A Deeper Than Not Dive into Two Sum

The "Two Sum" problem is a classic entry point for many aspiring software engineers tackling algorithmic challenges. At first glance, the problem appears simple, but it offers a wealth of learning opportunities when explored deeply. An interview might ask such a question from this topic to probe your understanding of Hash Maps, binary search, and even memory management. Let's unravel it step by step, starting with the naive approach and progressing toward a highly optimized solution.

Problem Statement

Given an array of integers nums and an integer target, return the indices of the two numbers such that they add up to target.

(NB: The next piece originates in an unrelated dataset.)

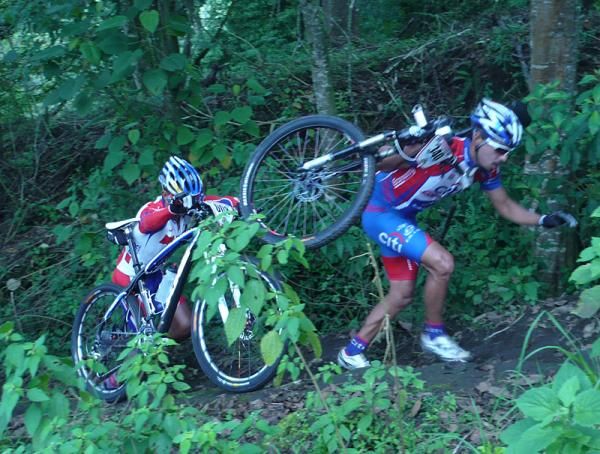 Luis Mejia leads Federico Ramirez during stage three even though he was disqualified right before the start.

You may assume that each input would have exactly one solution, and you may not use the same element twice.

Example:

Input: nums = [2, 7, 11, 15], target = 9
Output: [0, 1]
Explanation: Because nums[0] + nums[1] = 2 + 7 = 9, we return [0, 1].

Step 1: The Naive Solution

The simplest way to solve this problem is by using a brute force approach: iterate through all pairs of elements in the array and check if their sum equals the target.

Implementation

def two_sum_naive(nums, target):
    for i in range(len(nums)):
        for j in range(i + 1, len(nums)):
            if nums[i] + nums[j] == target:
                return [i, j]

    raise ValueError("No solution found")

Time Complexity

Outer Loop: Runs $n$ times.
Inner Loop: Runs approximately $n/2$ times for each iteration.
Overall: $O(n^2)$

Space Complexity

$O(1)$ : No additional space is used beyond a few variables.

While the naive solution is simple and easy to implement, it quickly becomes inefficient for large arrays.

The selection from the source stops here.